14. As per evidence on record, age of the deceased was 53 years at the time of accident, therefore, in the light of decision of Pranay Sethi (supra), the appropriate percentage towards future prospects would be 10% and the claimants are entitled to 10% towards future prospects. Likewise, looking to the age of deceased as 53 years, the appropriate multiplier would be 11 as per the decision of Pranay Sethi (supra) and similarly, looking to the number of dependent family members, i.e., 4 in number, the deduction towards personal and living expenses of the deceased would be 1/4th and not 1/3rd as applied by the Tribunal. 15. In view of above, taking guidance from the decisions of the Hon'ble Supreme Court in Sarla Verma, Pranay Sethi and Magma General Insurance Company Limited (supra), this Court recomputes the compensation in the following manner :- Sl. No.

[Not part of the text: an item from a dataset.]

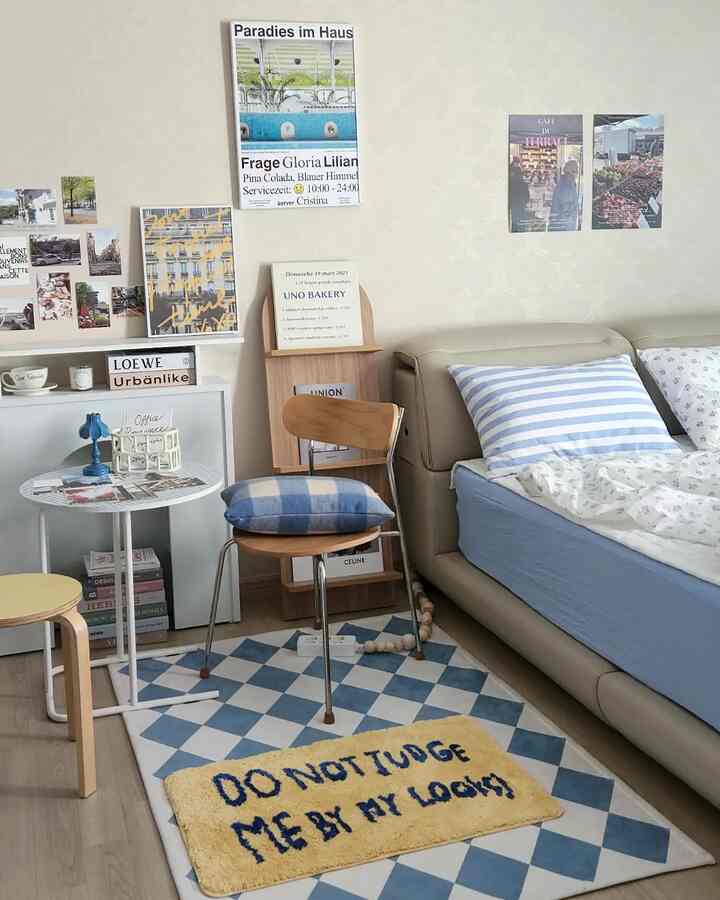 ブルーとアイボリーベージュの調和が美しい寝室、ベッドやサイドテーブル、ラグ、椅子、ポスターが配置された雰囲気のあるおうちカフェインテリア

Description Amount in Rs. 1 Income of the deceased @ Rs.14,879/- per month approximately. 1,78,550/- 2 10% of (1) above to be added towards future prospects 17,855/- 3 Total annual income of the deceased 1,96,405/- 4 Multiplier of 11 applied to assess total loss of dependency. 21,60,455/- 5 1/4 deduction towards personal and living expenses of the deceased. 5,40,114/- 6 Total loss of dependency after deduction 16,20,341/- 7 Funeral expenses 15,000/- 8 Loss of estate 15,000/- 9 Loss of spousal consortium to the appellant/claimant No.1 and loss of parental consortium to appellants No. 2 to 4 1,60,000/- Total compensation 18,10,341/- Award of the learned Tribunal. (-) 2,77,000/- Enhanced amount by this Court 15,33,341/- 16. For the foregoing reasons, the appeal is allowed in part. Hence, the claimant is entitled for an additional amount of Rs.15,33,341/-. The additional amount shall carry interest as made by the Tribunal. The enhanced amount with interest shall be deposited by the insurer. The impugned award stands modified to the above extent. Rest of the conditions of the impugned award shall remain intact.